From an evolutionary point of view, fear has saved us as a species. Thanks to it, primitive people avoided wandering the African savannah in the middle of the night, risking encountering hunting predators. Even then, the fear of darkness kept us out of trouble and encoded in our subconscious.
Today I will introduce you to two places in the urban jungle that skillfully flirt with the dark and have turned it into a successful business.
Flotation and sensory deprivation
We are heading towards metta space – a space for relaxation and meditation, where as I enter, I notice that time has really stopped. The hosts invite you to leave your shoes at the entrance. You can smell the yerba mate aroma in the air.
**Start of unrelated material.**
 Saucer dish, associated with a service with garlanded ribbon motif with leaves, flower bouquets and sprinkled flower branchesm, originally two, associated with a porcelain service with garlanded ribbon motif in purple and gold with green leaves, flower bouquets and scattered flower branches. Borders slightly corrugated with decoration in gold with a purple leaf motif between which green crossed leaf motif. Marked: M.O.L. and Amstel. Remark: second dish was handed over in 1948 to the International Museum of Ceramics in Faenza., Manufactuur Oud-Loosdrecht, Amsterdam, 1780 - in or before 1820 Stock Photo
The visitors seem calm and at peace with themselves and it is somewhat quiet around.
I’m here to do another experiment with myself – flotation and sensory deprivation in a hi-tech tank. What do these exotic words mean? – Within an hour (or more if you wish) you lie in an egg-like bathtub filled with magnesium sulfate. Salts do not allow you to sink and imitate a state of weightlessness without feeling gravity.
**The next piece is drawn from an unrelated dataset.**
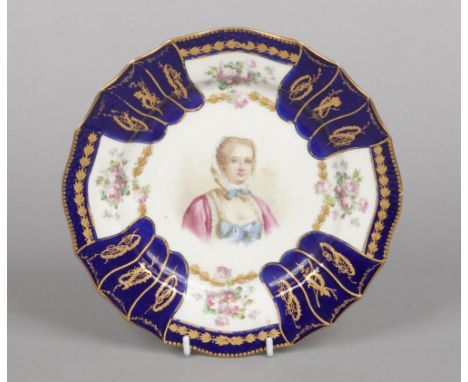 An 18th century Sevres plate with scalloped rim and ozier mould edge. With a gros bleu and gilt border, painted with roses an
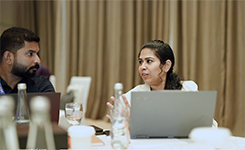Corporate professionals engaged in discussion during Edoxi's Artificial Intelligence (AI) training session presented by Manish at DoubleTree by Hilton, Dubai.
The water temperature is close to your own – 36 degrees and it is quite warm and cozy. There is complete darkness and silence inside the tub and the information given to you through the five senses is limited to a minimum. Before you enter the flotation tank, you can take a shower and have an entire apartment at your disposal. If you are a girl and have recently had your hair dyed, it is not the right time to float- postpone it for later – the staff really insist.
They give you earplugs to isolate any side noises, and a cream to cover open wounds on your body that can be irritated by salt water. Inside the egg you’ll also find a pillow for your neck – I strongly recommend it – without it the feeling is not the same. Also, be careful not to splash water on your eyes while you go inside.
After all the directions, the lights go out. Only you and the egg are left in unprecedented darkness and lack of any external stimuli. There is no Facebook and Instagram to kill the boredom. The thousand tasks that you are in a hurry to complete are far away and your loved ones are not near so that you can share what is happening to you. You are completely alone in the middle of nowhere and the experience is very unusual. It is as if you are lying on your back in the sea, but there are no waves and you cannot sink. All the time you hear your heartbeat and breathing.
I was very curious how my mind would react to such an experiment. In the first minutes I was obsessed with the passing time and trying to figure out how many minutes had passed. Then I realized that time was irrelevant in the egg and had lost its value.
As a modern person who plans their schedule up to the last detail, giving away my concept of time was even scarier than dark. I realized the importance of sometimes just stopping, slowing down, relaxing, thinking about what was happening to you, and giving your body and mind the rest they need, instead of constantly chasing goal after goal.
After the flotation was over, in order to get back to the material world, something sweet had been left for me to eat.
I did not gain insight into my mission or the meaning of my life, nor did I come up with a brilliant idea, but I definitely felt energized after staying in the capsule – as if I had slept for 4 hours. I recommend to anyone who wants to escape from everyday life.